E’ una serpe che si morde la coda, un circolo vizioso di sciatteria: abbandono della giusta militanza, apprezzamento delle figure eterodosse, incoraggiamento alla diffusione di idee anti-cristiane, emergenza di modelli border-line, disprezzo della fede popolare media, offerta di maestri inaffidabili ma presentati (preti in crisi vocazionale) sotto mentite spoglie (maestri di spirito e teologia), celebrazione di ante-papi e anti-romani i più svariati, canonizzazione di un concetto di Chiesa per i fragili, i falliti, i disperati.

La Chiesa sembra la controfigura dei cinesi di De Chardin:

degli ‘infantili’ la cui stoffa antropologica sarebbe inferiore alla nostra. Inoltre la loro massa emana un’insuperabile forza di livellamento e di ‘dissoluzione.

Aveva ragione il Duce ambrosianoAbbiamo bisogno del confronto con uomini che ardono in modo che lo spirito possa diffondersi ovunque. Ma una Chiesa basata solo su alternative ad oltranza (è la mia definizione della teologia martiniana) può produrre solo questo:

Scrive, sul “Giornale” del 15 ottobre 2012, l’eurodeputato Magdi Cristiano Allam: “Nel 2066 lo sheikh Ahmad al-Qataani, intervistato da ‘Al Jazeera’, diede queste cifre: ‘Ogni ora 667 musulmani si convertono al cristianesimo.

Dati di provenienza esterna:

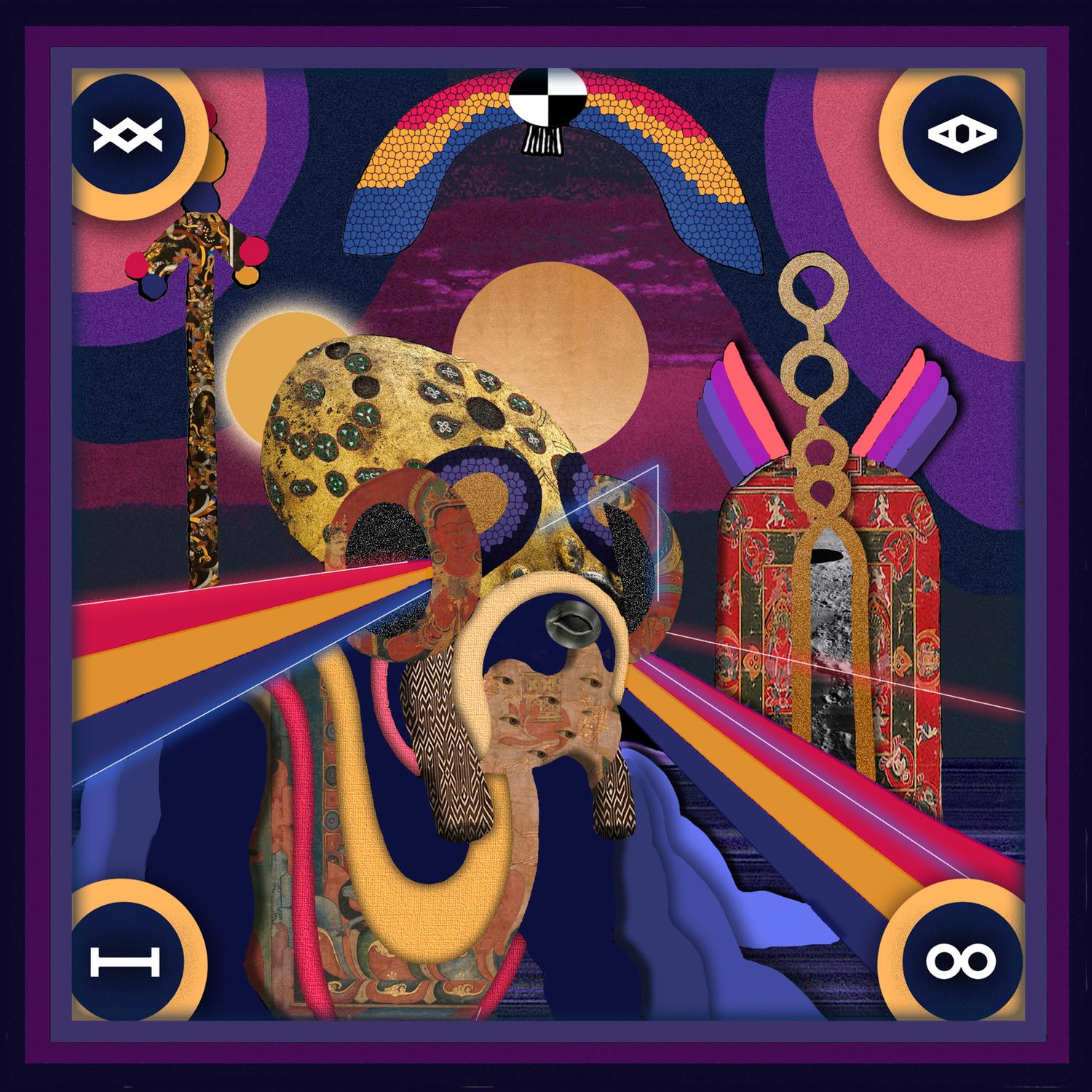 Arca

Ogni giorno 16mila musulmani si convertono al cristianesimo. Ogni anno 6 milioni di musulmani si convertono al cristianesimo’”. Dopo aver riportato la denuncia dell’allarmato sceicco, il convertito Magdi Cristiano Allam aggiunge: “Innumerevoli sono le denunce fatte da musulmani che vorrebbero ricevere il battesimo ma si trovano di fronte al rifiuto di sacerdoti cattolici che non vogliono violare le leggi dei Paesi islamici che vietano e sanzionano con il carcere e talvolta con la morte sia chi fa opera di proselitismo sia chi incorre nel ‘reato’ di apostasia”.

Mi dispiace dirlo, ma ormai inizio a sperare nei Neocatecumenali. E nei cinesi: che zittiscano, almeno per orgoglio, i Miti del nostro tempo.